- **EXERCISE DETAILS**:
From the first line onward, reproduce the records exactly; the final line to include is the one holding "j8/ブライダルアクセサリー 【結婚式 ピアス イヤリング】".

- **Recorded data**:
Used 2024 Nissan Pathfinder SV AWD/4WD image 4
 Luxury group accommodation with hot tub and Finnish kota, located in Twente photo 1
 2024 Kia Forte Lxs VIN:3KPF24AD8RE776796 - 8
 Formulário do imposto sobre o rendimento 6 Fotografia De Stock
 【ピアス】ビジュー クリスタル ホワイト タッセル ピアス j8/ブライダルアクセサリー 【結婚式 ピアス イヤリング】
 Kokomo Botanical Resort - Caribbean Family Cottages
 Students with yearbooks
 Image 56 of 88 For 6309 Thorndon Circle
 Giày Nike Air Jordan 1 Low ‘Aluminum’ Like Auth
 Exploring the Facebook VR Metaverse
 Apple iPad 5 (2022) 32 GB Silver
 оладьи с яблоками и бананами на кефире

- **ANSWER TO THIS EXERCISE**:
Used 2024 Nissan Pathfinder SV AWD/4WD image 4
 Luxury group accommodation with hot tub and Finnish kota, located in Twente photo 1
 2024 Kia Forte Lxs VIN:3KPF24AD8RE776796 - 8
 Formulário do imposto sobre o rendimento 6 Fotografia De Stock
 【ピアス】ビジュー クリスタル ホワイト タッセル ピアス j8/ブライダルアクセサリー 【結婚式 ピアス イヤリング】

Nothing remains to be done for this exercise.